There’s also the small problem that automakers primarily need low‐margin commodity chips made by older equipment (not the bleeding‐edge chips/equipment that the U.S. military needs or that the federal government wants to subsidize): “As such, the necessary tools are hard to come by, and the price of old gear on the secondary market ‘has gone through the roof,” according one industry expert.
Finally, Georgetown’s Abraham Newman points out that the U.S.-China trade dispute also reduced global supply of the chips that automakers and other companies need. As he notes, the Trump administration’s “effort to limit Chinese advances in semiconductors” (via restrictions on exports to China’s largest chipmaker SMIC) “took a major producer of semiconductors basically offline as companies avoided using their product” (thus reducing global supply) and caused companies to “hoard chips to evade U.S. sanctions” (thus increasing demand). One can debate whether U.S. tech policy toward China here is warranted, but we should nevertheless be clear‐eyed about its impact—and thus the efficacy of certain alleged “solutions” to the chip shortage.
Why Skepticism About Supply Chain Nationalism Is Warranted
If all of this sounds like a complicated and ever‐evolving situation, it is. And that’s one of several reasons why we should be skeptical of simple solutions like “renationalizing essential supply chains” to achieve economic “resiliency.”
First, self‐sufficiency policies would produce all sorts of distortions. Most notably, there’s the problem of maintaining pandemic‐level capacity in normal times. The USITC calculated that in 2020, for example, the United States used many times the number of N95 masks, medical gowns, surgical masks, and other essential goods that were used in 2019. Maintaining that much excess capacity in times of normal demand is extremely costly (profitability often kicks in at around 80 percent capacity utilization), and running at that level in non‐pandemic times would produce a global glut—exports of which are certain to cause new trade tensions. Indeed, as noted above, we could already be facing a glut of American‐made PPE, and foreign governments are already speaking out about other nations’ pandemic‐era subsidies.

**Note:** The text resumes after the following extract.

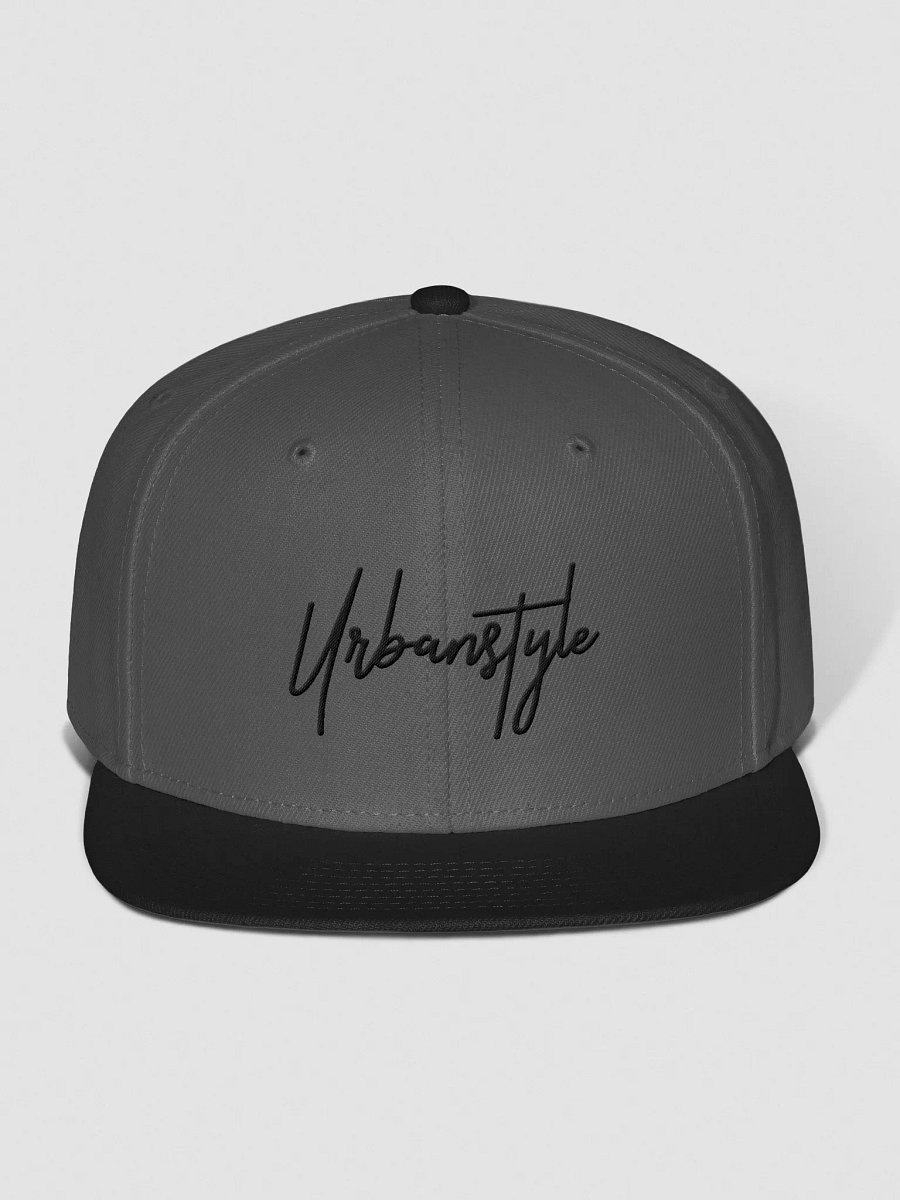 Signature Blend Snapback Cap product image (1)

The second problem is U.S. policymakers’ inability to know which products to target both during and after the pandemic. (Hayek’s classic “knowledge problem.”) Ventilators, for example, were on no one’s radar before COVID-19, and then became a hot commodity in March 2020. So the Trump administration invoked the wartime Defense Production Act (DPA) to force domestic manufacturers like GM and GE to make ventilators. (Yay, problem solved!) Only one small hiccup: Doctors subsequently determined that ventilators were not as critical as once thought, yet producers continued to churn them out under government orders, leading to reports of the goods “piling up” in a strategic reserve or being donated to “countries that don’t need or can’t use them.” According to the USITC’s December 2020 report, other DPA‐funded medical goods production won’t come online until late summer or thereafter, when the pandemic may (hopefully) have subsided. Will we permanently subsidize that new capacity?

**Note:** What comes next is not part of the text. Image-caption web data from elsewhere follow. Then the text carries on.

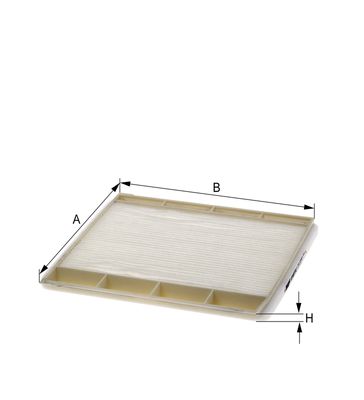 FILTRU AER HABITACLU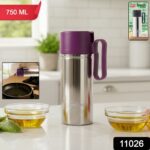 Supermom 750ml Approx. Stainless Steel Oil Pourer (1 Pc) - With Dupatta by Nari Haat, Indian ethnic wear, women cloth...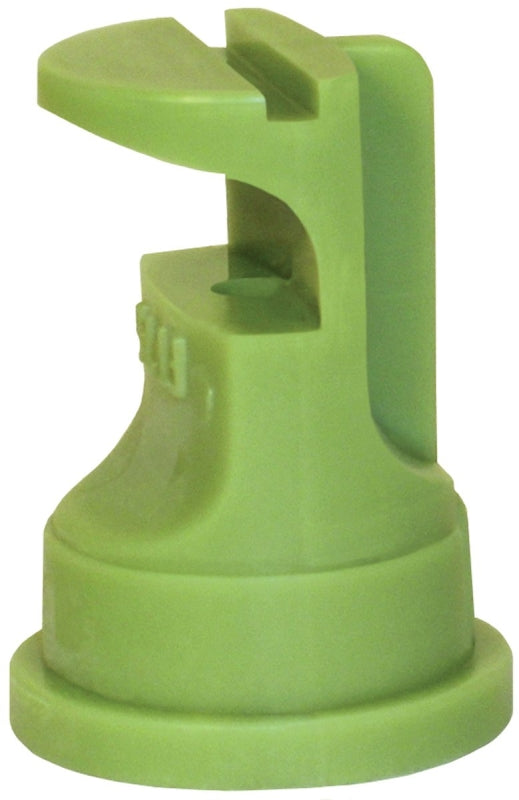 GREEN LEAF Green Leaf FT 7.5 6PK Flood Nozzle, Polyoxymethylene, Green, For: Y8253051 Series Round Cap, Lechler Spray Tip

Regardless, past government interventions and independent company efforts to expand operations or enter the medical goods market—see, for example, Mark Cuban’s new, subsidy‐less generic drug company in Dallas—raise questions as to whether additional government action is really needed or whether the risks that we thought we discovered last year will be with us this year and next. Indeed, by the time U.S. policymakers decide to intervene again in the U.S. market, it will look much different than the one on which they based their decision and will likely change again by the time any government‐supported production comes online. And as China’s failed attempt to restrict “rare earth” minerals hopefully taught us a decade ago, markets don’t just sit still and wait for crises to occur (and they’re moving once again).

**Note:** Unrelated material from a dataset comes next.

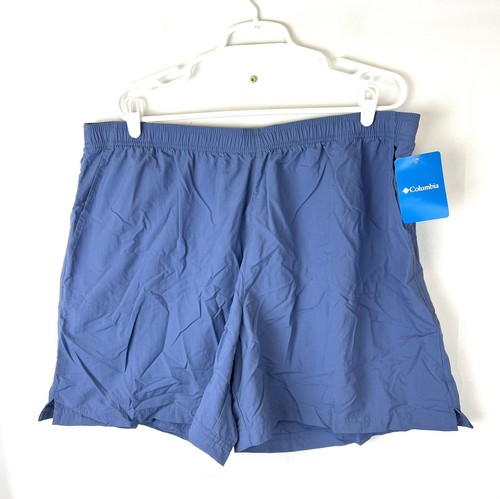 Sandy River Blue Plus Size 2X Shorts | eBay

Third, future government interventions could have political, rather than economic, motivations. The poster child here is the Trump administration’s doomed subsidies to Kodak, which reportedly resulted from high‐dollar lobbying and an eye toward Trump’s re‐election. But Kodak’s not alone. According to a July 2020 Congressional Research Service report, for example, the Department of Defense invoked the DPA to give hundreds of millions of dollars, appropriated under the CARES Act to fight COVID-19, to politically connected industries (shipbuilding, semiconductors, space‐based defense, aviation, microelectronics, rare earth mining, etc.) that were—at best—tangentially related to the pandemic. The report adds that these and other pandemic‐related DPA actions lacked transparency and accountability, led to the reassignment of one U.S. official, and were opposed by several House committees because they were not, as Congress intended, “reserved for health and medical countermeasures.”
Finally, there is the very real risk that supply chain nationalism would make the United States less, not more, resilient. As I discussed in my recent paper on manufacturing and national security, nationalist policies intended to boost “essential” industries—for steel, ships, machine tools, semiconductors, and other “essential” goods—have a long track record of high costs, high risks, failed objectives, and unintended consequences. In case after case, the protected industries did not emerge stronger or more resilient—in fact, just the opposite.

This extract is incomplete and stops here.